34 Staying organized
When you first start learning a computing tool like R, most people just put their files in “Downloads” or “Documents” or even on the “Desktop” with no particular thought to names or organization. This is fine when you are first experimenting, but it quickly gets out of control, especially when you want to keep one project separate from another, add data files, or want to share files with a collaborator.
Here are some suggestions to help you get and stay organized.
34.1 Put everything in a folder
Many people just dump files at random on their Desktop, Documents, or Downloads directory.
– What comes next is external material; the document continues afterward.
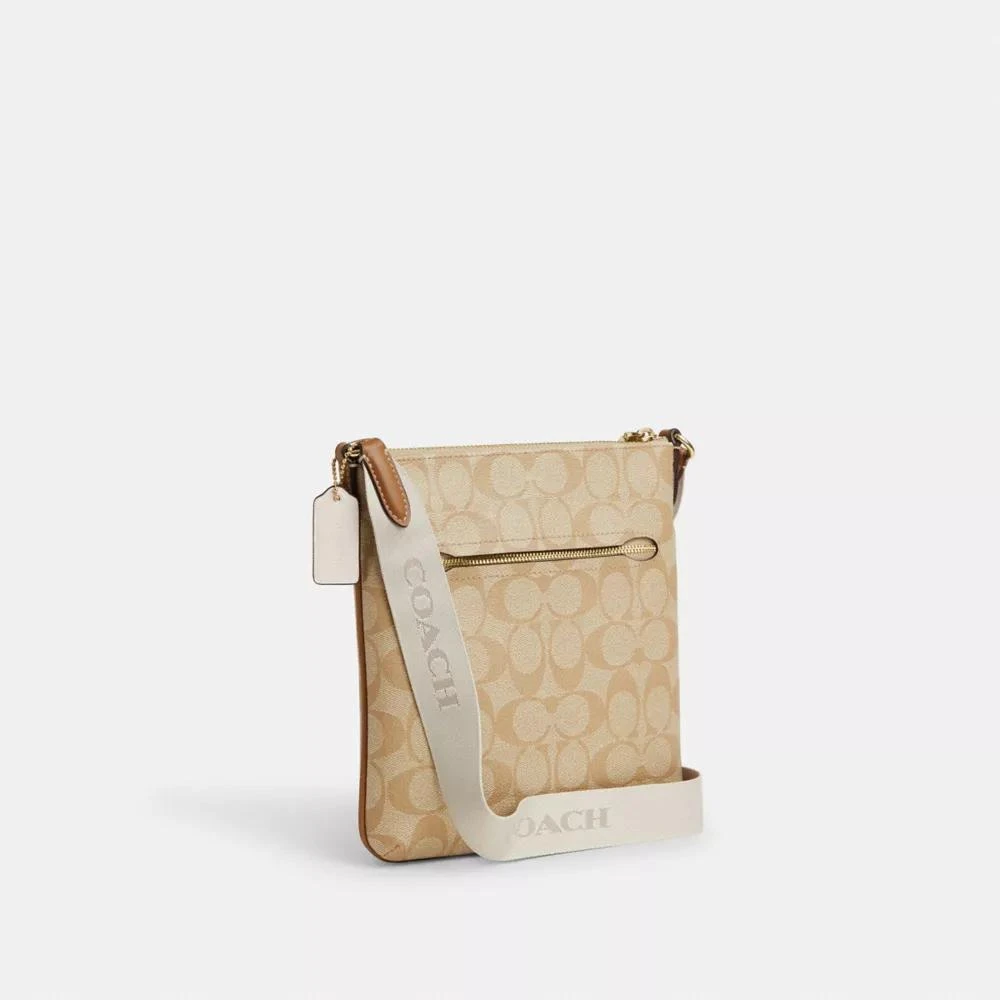 Coach Mini Rowan File Bag In Signature Canvas With Stripe 3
That’s a recipe for chaos, as you eventually use the same file name as you did a few weeks ago (like example.Rmd) and you overwrite something or just mix up different projects.
Whenever you start a new project, such as a course, create a folder with an easy to understand name like “STAT2430” or “Data-Visualization”. Spaces in file names in general are fine, but if you plan to share files with others its usually best to use a dash (-
) or underscore (_
) instead of spaces, since spaces in file names cause problems with some computing tools. (I put project folders in ‘Dropbox’ or ‘One Drive’ so I don’t have to worry about backups.)
34.2 Sub-projects
For each component of a project, create a new folder (directory) called something meaningful like “assignment-1”.
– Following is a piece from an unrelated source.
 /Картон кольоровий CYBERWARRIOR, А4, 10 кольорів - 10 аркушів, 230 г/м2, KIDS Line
When I open R, instead of creating a new R markdown file right away, I first start a new project (File > New Project…). This new project can be in this new folder or you can create a new folder.
You can choose to start using version control with the project. I suggest you do! Version control on your local machine takes very little extra effort and can be really handy if (when!) you delete something you didn’t mean to, or decide to undo a whole bunch of changes that didn’t work out the way you hoped. This works on your own computer – no need to use github.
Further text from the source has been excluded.